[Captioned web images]
# # #

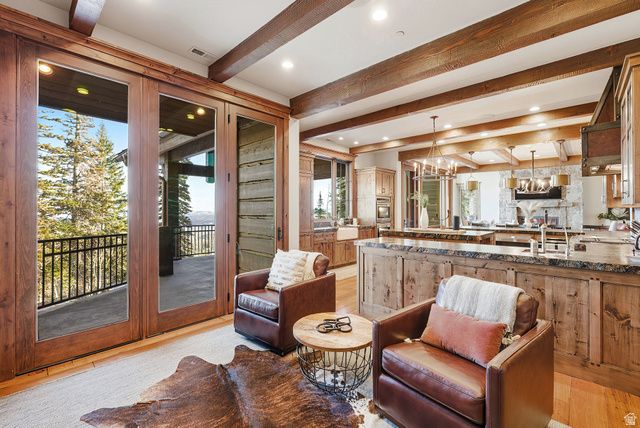 137 WHITE PINE CANYON RD, Park City, UT 84060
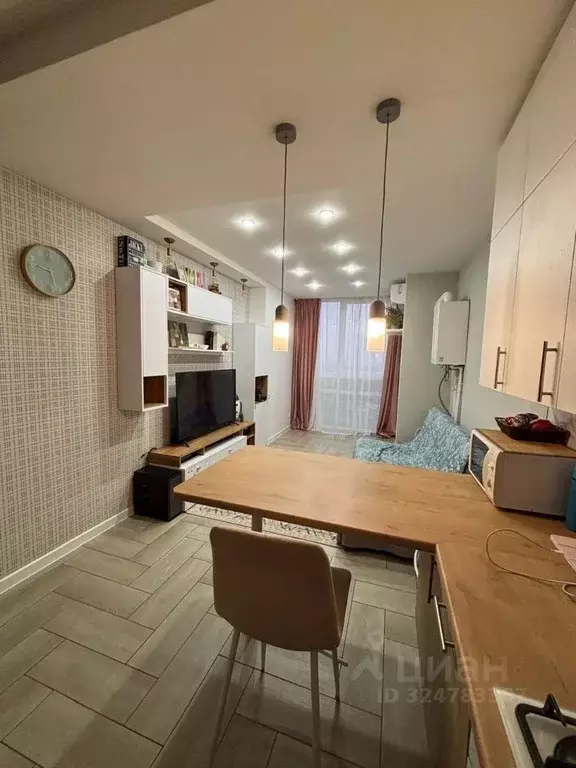 1-к кв. Рязанская область, Рязань ул. Чкалова, 18 (40.0 м) - Фото 1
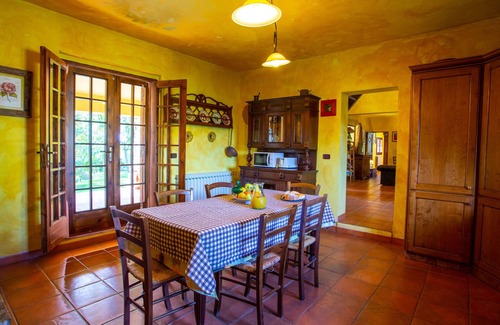 Casalbordino House | Il Rifugio + La Loggia (CAD102) by Interhome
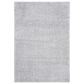 Safavieh August Shag AUG900G 5"3" x 7"6" Silver Area Rug, , large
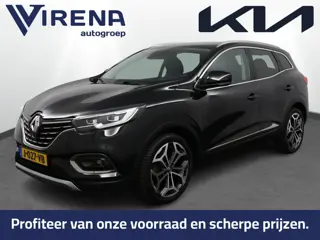 Renault Kadjar 1.3 TCe Zen AUTOMAAT - Stoelverwarming - Achteruitrijcamera - Trekhaak - BOSE Soundsy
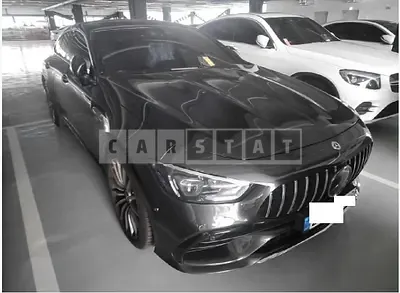Photo 1 of 50: 2021 Mercedes-Benz AMG GT43 4Matic+ — Korean insurance auction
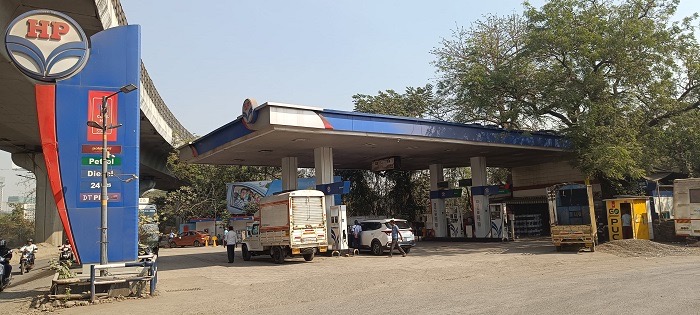 Hindustan Petroleum Corporation Limited - Sewree East, Mumbai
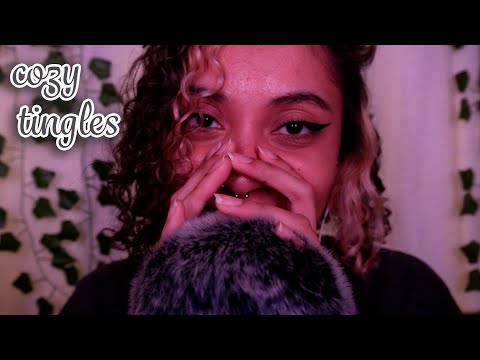 Soft, Slow, & Sleepy Counting For the Zzz's ~ ASMR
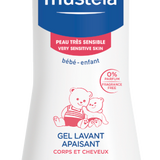 Mustela Soothing Cleansing Gel 300Ml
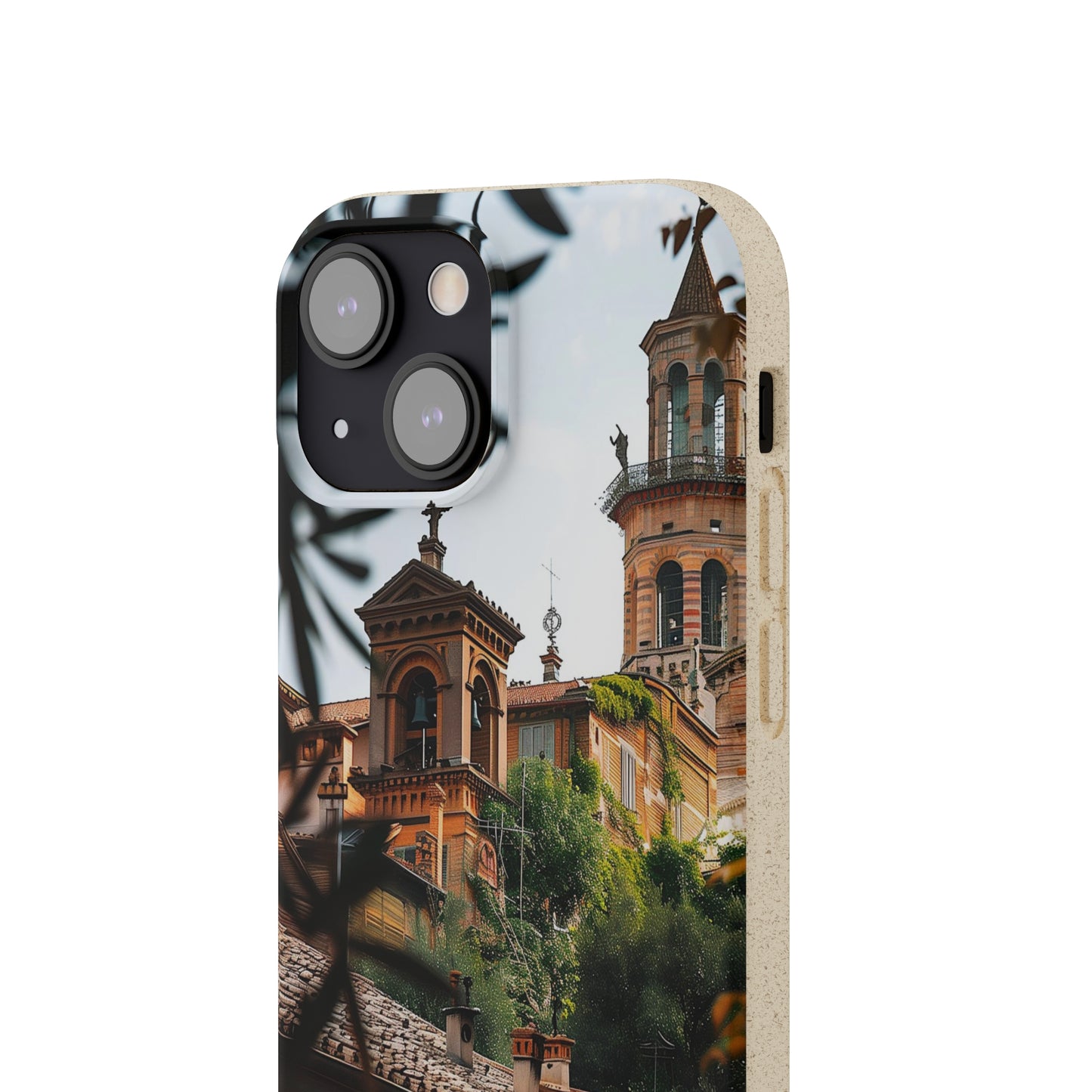 The Church Biodegradable Case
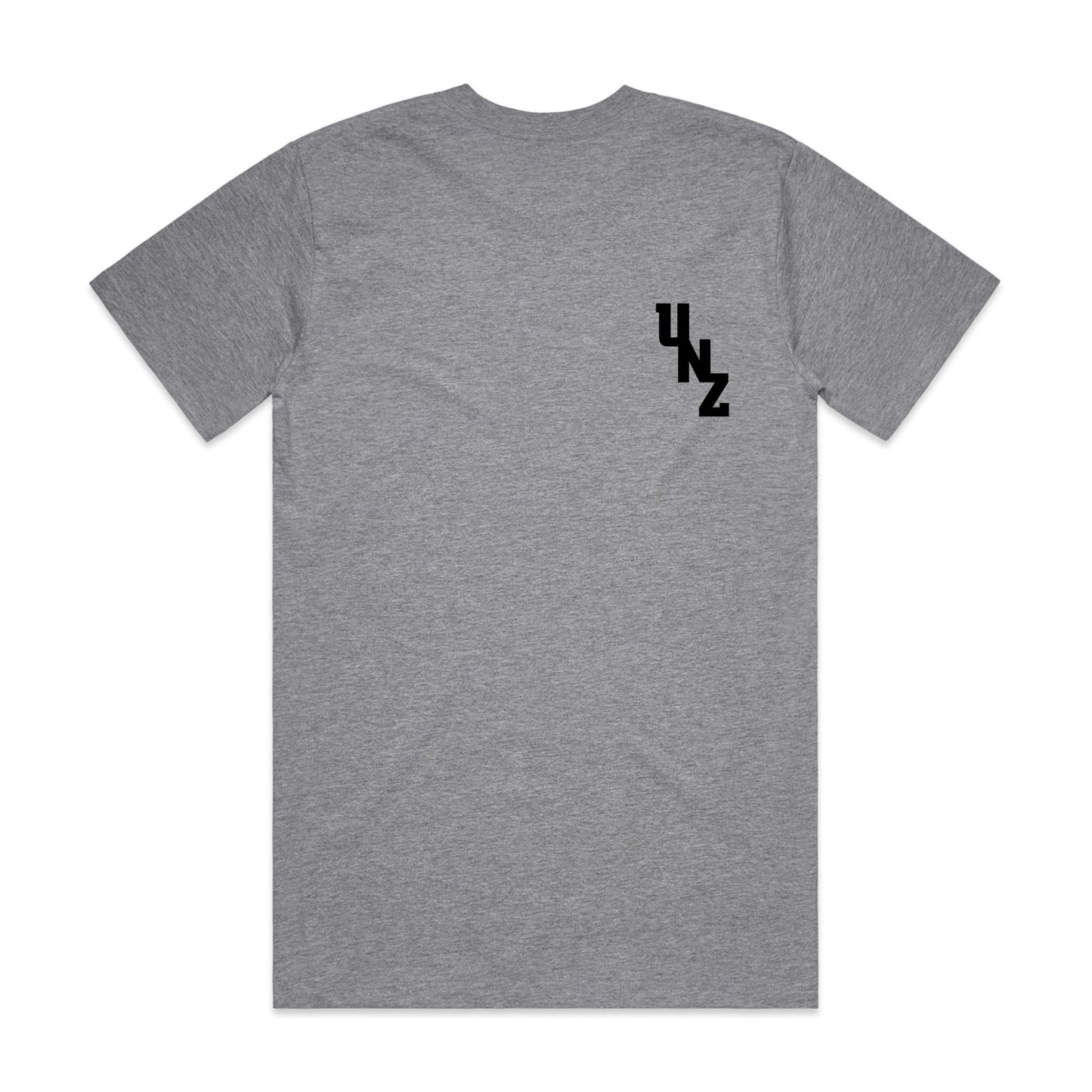 Patch Whangarei (Grey and Black)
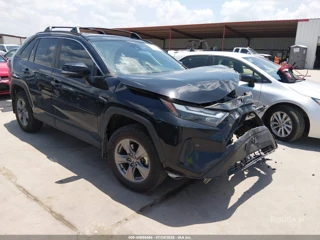 TOYOTA TOYOTA RAV4 HYBRID XLE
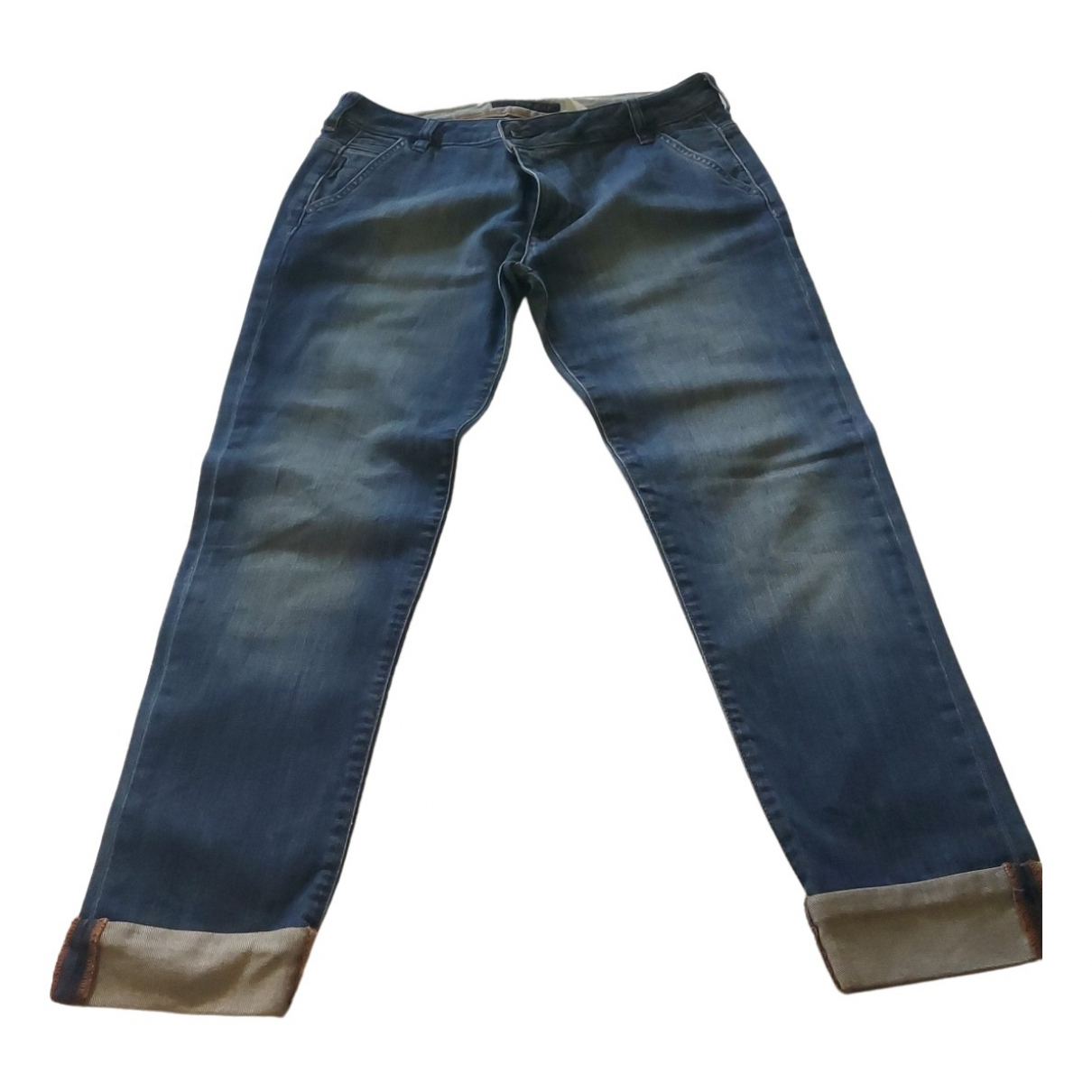 Calvin Klein Jeans Straight jeans - CALVIN KLEIN JEANS - Modalova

# # #

> _ASSIGNMENT_
Repeat the lines exactly, starting with the line that contains "Mustela Soothing Cleansing Gel 300Ml" and ending with the last line of the entries. Keep both of those lines but no pictures.

> _YOUR RESPONSE_
 Mustela Soothing Cleansing Gel 300Ml
 The Church Biodegradable Case
 Patch Whangarei (Grey and Black)
 TOYOTA TOYOTA RAV4 HYBRID XLE
 Calvin Klein Jeans Straight jeans - CALVIN KLEIN JEANS - Modalova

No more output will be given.